A spot welding method in which a first member and a second member constituting a structure of a railway vehicle are joined by spot welding using a spot welding apparatus ,
The calculation means of the spot welding apparatus respectively show first to nth arrays (n is a natural number of 2 or more) of planned positions for spot welding the first member and the second member, respectively. a first step of calculating the stress at each planned position based on the n spot layout data;
One spot layout with a small stress concentration from the first to n-th spot layout data based on the result of the selection means of the spot welding apparatus comparing the magnitudes of the stresses calculated in the first step. A second step of selecting data;
According to a schedule position indicated by the selected spot layout data in the second step, and said second member and said first member have a third step of spot welding,
In the second step, the selection means of the spot welding apparatus sets the maximum value among the magnitudes of stresses at the respective planned positions of the m-th (m is a natural number of 1 to n) spot layout data. In the spot welding method , spot layout data indicating the minimum value among the m-th values is selected as the one spot layout data . 2. The spot welding method according to claim 1 , wherein the first member is a side beam constituting the structure, and the second member is a door frame constituting the structure. The spot welding method according to claim 1 , wherein the first member is an outer plate constituting the structure, and the second member is a long member constituting the structure. Wherein in the third step, the first to the member and the second member and the indirect spot welding, spot welding method according to any one of claim 1 to 3. A spot welding apparatus for controlling a welding robot that joins a first member and a second member constituting a structure of a railway vehicle by spot welding,
A memory for storing first to nth spot layout data respectively indicating first to nth (n is a natural number of 2 or more) arrangements of planned positions for spot welding the first member and the second member.
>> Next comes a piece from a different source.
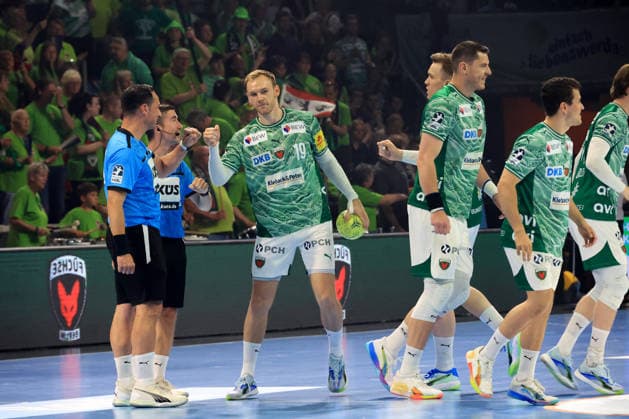 DEU, DHB, 1 HBL, Fuechse Berlin vs Flensburger Handewitt, 07 06 2026, Max Schmeling Halle, Berlin, DEU, DHB, 1 HBL, Fuechse Berlin vs Flensburger Handewitt, im Bild Fuechse Spielerkreis, Flensburger Spielerkreis, Mathias Gidsel Fuechse Berlin 19 nordphotoxGmbHx xEngler nph00076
Means,
Calculation means for calculating stresses at respective scheduled positions based on the first to n-th spot layout data stored in the storage means;
Selection means for selecting one spot layout data having a small stress concentration from the first to n-th spot layout data based on the result of comparing the magnitudes of the stresses calculated by the calculation means;
Control means for controlling the welding robot so as to spot weld the first member and the second member according to a planned position indicated by the spot layout data selected by the selection means ;
When the maximum value among the magnitudes of stresses at each predetermined position of the m-th spot layout data (m is a natural number of 1 to n) is the m-th value, A spot welding apparatus that selects spot layout data indicating a minimum value as the one spot layout data . A spot welding program for controlling a welding robot that joins a first member and a second member constituting a structure of a railway vehicle by spot welding,
Computer
Storage for storing first to n-th spot layout data respectively indicating first to n-th (n is a natural number of 2 or more) arrays of planned positions for spot welding of the first member and the second member. Means,
Calculation means for calculating stresses at respective scheduled positions based on the first to n-th spot layout data stored in the storage means;
Selection means for selecting one spot layout data having a small stress concentration from the first to n-th spot layout data based on the result of comparing the magnitudes of the stresses calculated by the calculation means;
According to the planned position indicated by the spot layout data selected by the selection means, the control means for controlling the welding robot so as to spot weld the first member and the second member,
When the maximum value among the magnitudes of stresses at each predetermined position of the m-th spot layout data (m is a natural number of 1 to n) is the m-th value, A spot welding program for selecting spot layout data indicating a minimum value as the one spot layout data .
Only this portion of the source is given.